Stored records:
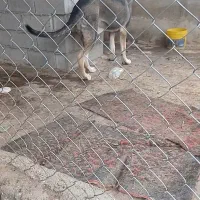سگ پژدر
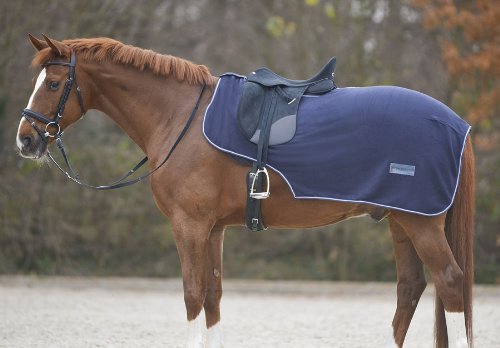 Amesbichler Reitsport Waldhausen Ausreitdecke Fleece Economic dunkelblau Pferdedecke Nierendecke von Amesbichler Reitsport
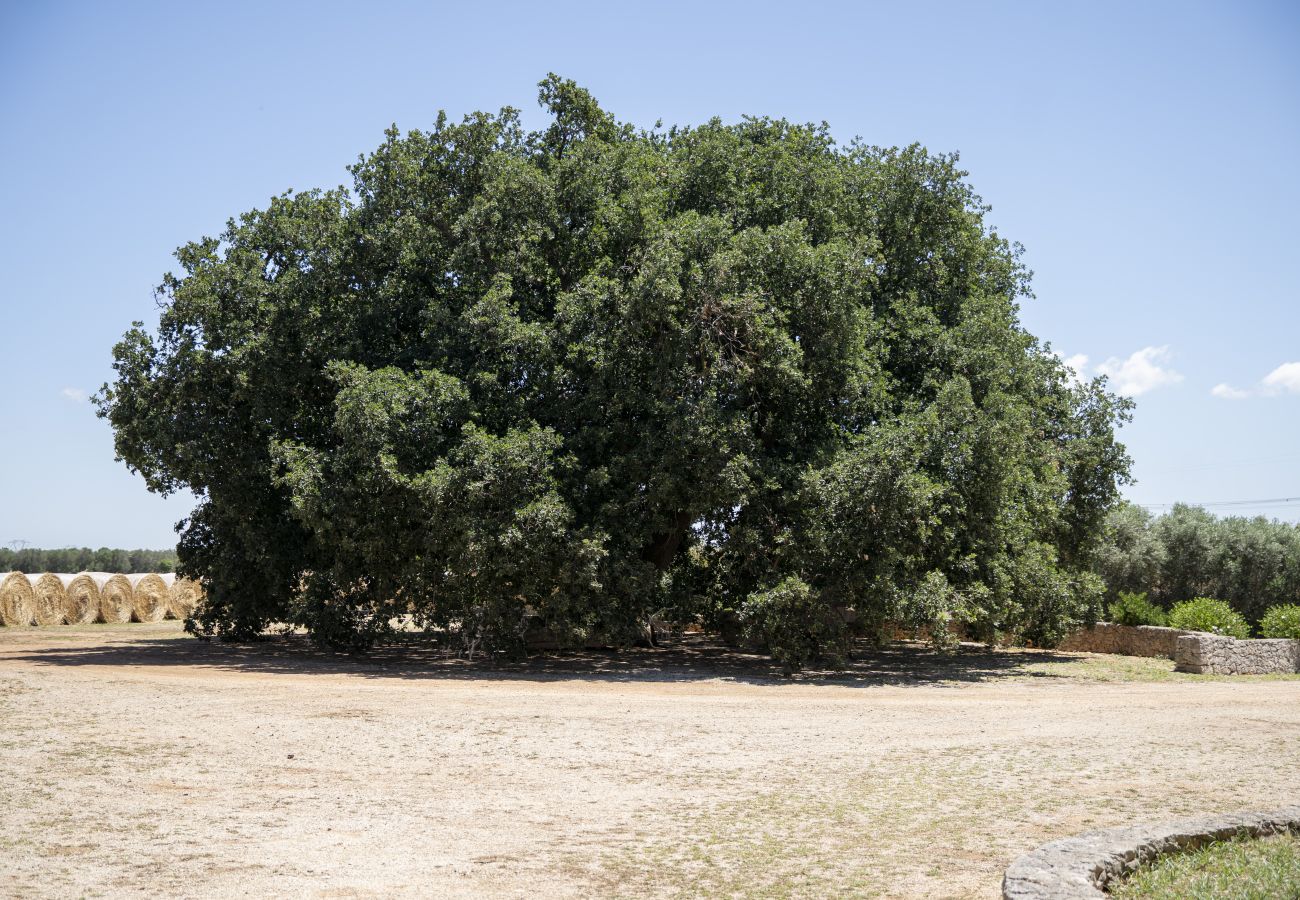 Casa rurale a Francavilla Fontana - Masseria Palmo by Pugliadamare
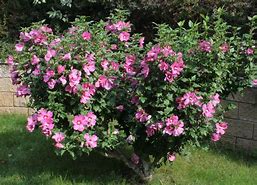 Image result for Hibiscus syriacus w.r. Smith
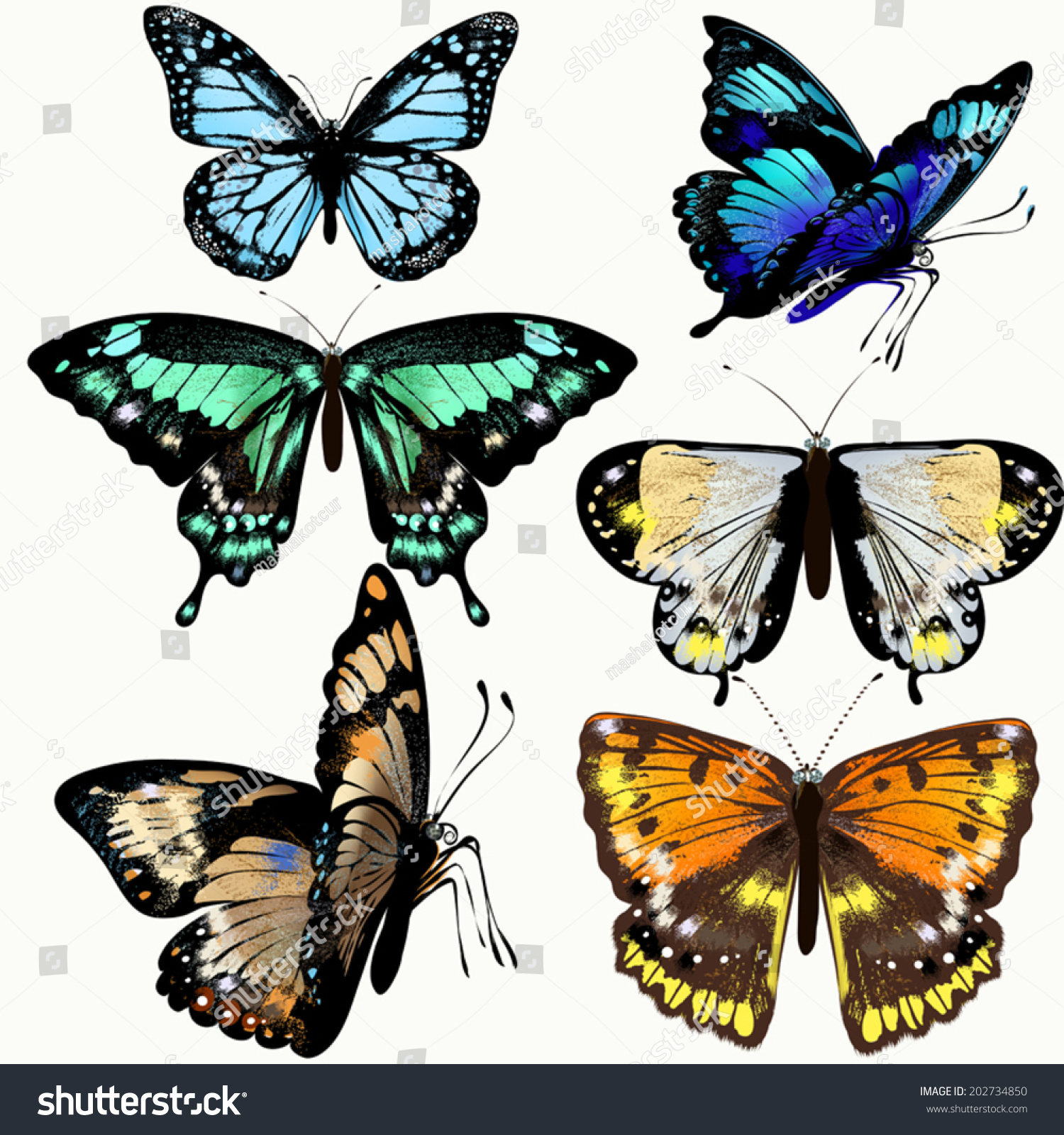 Set Of Detailed Vector Butterflies For Design - 202734850 : Shutterstock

Your assignment: Without copying any picture, repeat all of the entries exactly.

Exercise answer:
سگ پژدر
 Amesbichler Reitsport Waldhausen Ausreitdecke Fleece Economic dunkelblau Pferdedecke Nierendecke von Amesbichler Reitsport
 Casa rurale a Francavilla Fontana - Masseria Palmo by Pugliadamare
 Image result for Hibiscus syriacus w.r. Smith
 Set Of Detailed Vector Butterflies For Design - 202734850 : Shutterstock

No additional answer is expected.